As Scala gains popularity, there is growing interest in programming tools for it. Such tools often require call graphs. Applying existing call graph construction algorithms to the JVM bytecodes generated by the Scala compiler produces imprecise results due to type information being lost during compilation. Therefore, we propose adapting existing call graph construction algorithms, Name-Based Resolution (RA) and Rapid Type Analysis (RTA), for Scala. We have implemented 5 algorithms: RA, TCAnames, TCAbounds, TCAexpand, and TCAexpand-this. The algorithms are implemented as a Scala compiler plugin. Our experimental evaluation shows that handling of complex Scala constructs, e.g., traits and abstract type members, greatly improves the precision of the constructed call graphs. For more details on the algorithms, and a formal proof of soundness, please refer to our ECOOP'14 paper.

Downloads

  • scalabench.tar.gz: a self contained tarball that include all the necessary scripts, runnable JARs, required to replicate our experiments.
  • scalacg.tar.gz: the source code of our Scala compiler plugin. This tarball contains the source code of the implementation of all our algorithms, adn RTAwala. Additionally, it comes with two test suites: one for TCA-based algorithms, and another one for RA. The source code can be imported as an Eclipse Scala project (Note: you need the Scala-IDE plugin for Eclipse to properly identify this Scala project).
  • callgraph-plugin.jar: the Scala compiler plugin that contains the implementation of our algorithms. Additionally, it contains the ProBe tool that we use to compare and output call graphs.
  • walacg.jar: a runnable JAR for the implementation of RTAwala.
  • scalavm.ova: a VirtualBox appliance that is set up to replicate our experiments. It has scalabench.tar.gz available on the desktop. You do not need to worry about any prerequisites if you are using this virtual machine. Admin username: aec, password: ecoop14.

Prerequisites

These are the prerequisites for using our plugin with the Scala compiler.

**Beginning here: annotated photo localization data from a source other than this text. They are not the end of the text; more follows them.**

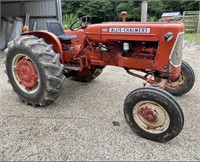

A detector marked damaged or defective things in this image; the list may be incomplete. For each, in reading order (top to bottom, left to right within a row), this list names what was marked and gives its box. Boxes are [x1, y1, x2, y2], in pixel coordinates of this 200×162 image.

rusty wheel rim [12, 53, 39, 93]
rusty wheel rim [166, 72, 186, 90]
rusty wheel rim [133, 100, 170, 134] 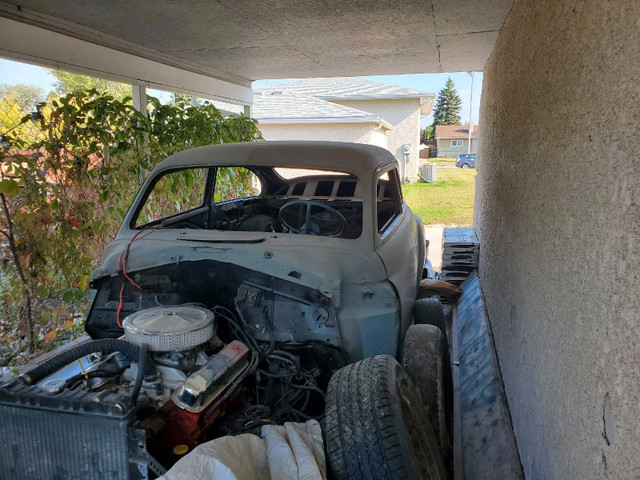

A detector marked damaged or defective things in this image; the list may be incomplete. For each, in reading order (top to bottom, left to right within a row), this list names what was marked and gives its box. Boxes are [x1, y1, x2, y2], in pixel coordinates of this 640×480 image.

rusty metal surface [458, 274, 524, 480] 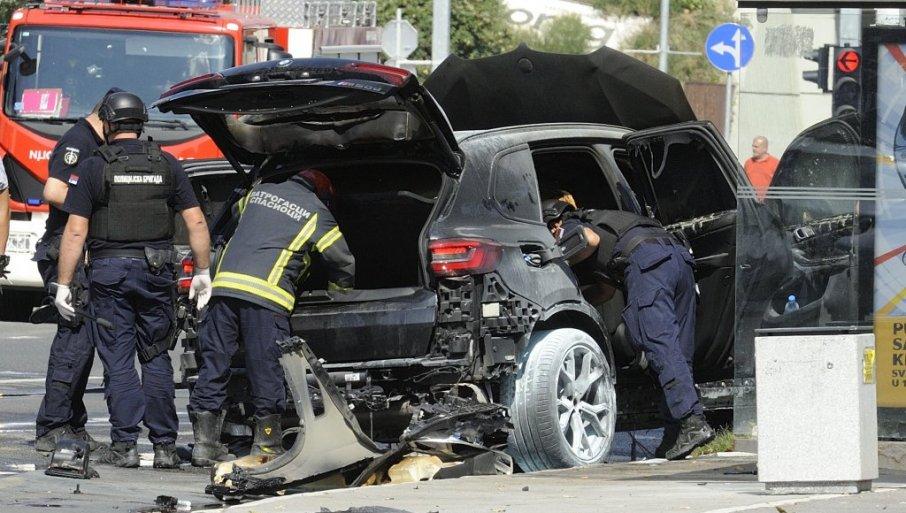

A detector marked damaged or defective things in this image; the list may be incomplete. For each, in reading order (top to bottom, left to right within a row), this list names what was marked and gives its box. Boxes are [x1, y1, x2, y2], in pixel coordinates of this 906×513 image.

damaged black suv [155, 50, 748, 474]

  • Scala-2.10.2 If another Scala version is used, the plugin will crash.
  • Set the environment variable $SCALA_HOME (%SCALA_HOME% on Windows) to the location where you extract the Scala-2.10.2 tarball.
  • Set the environment variable $PATH to $PATH:$SCALA_HOME/bin (%PATH%;%SCALA_HOME%\bin on Windows).
  • Set the environment variable $JAVA_OPTS (%JAVA_OPTS% in Windows) to "-Xmx2g -XX:PermSize=512m -XX:MaxPermSize=512m". This will give a maximum of 2G of RAM for the plugin to run. This should be enough for small programs, test cases. Increase the value of -Xmx if Java runs out of memory. It is worth noting here that the provided virtual machine requires 16G of RAM, and has the Java option -Xmx set to 12G.
Additional prerequisites should be satisfied if you would like to use scalabench.tar.gz to replicate our experiments. You do not have to worry about these if you are using the scalavm.ova virtual machine provided above.
  • Bash: the scripts use the Bash unix shell to execute.
  • Ant: please refer to the official installation instructions to install ant on your machine.
  • Set the environment variable $ANT_OPTS to $JAVA_OPTS. If Java runs out of memory, adjust the environment variable $JAVA_OPTS accordingly.
  • walacg.jar includes a file named wala.properties that provides WALA with the location of the Java runtime directory. It's set by default to /usr/lib/jvm/default-java/jre/lib. If the Java runtime directory on your machine is different from this, then you need to update this file with the correct path. You can either, edit the file inside the walacg.jar archive directly, or create an empty file with the name wala.properties at the same directory of walacg.jar. Then, set the property "java_runtime_dir" in it to the Java runtime directory on your system. You then need to run the following command to update the properties file inside walacg.jar.
    $ jar uf walacg.jar wala.properties
  • LaTeX: this is only required if you would like to get a PDF output of our experimental results . The scripts used to replicate our experiments generate the output data in CSV format as well (tab separated). If you use LaTeX, please make sure you have the following LaTeX packages installed: authblk, fullpage, and multirow.

Usage

You can use our call-graph plugin to compile Scala code as follows, where <analysis> can be any value of: ra, tca-names, tca-bounds, tca-expand, or tca-expand-this, and defaults to tca-expand-this.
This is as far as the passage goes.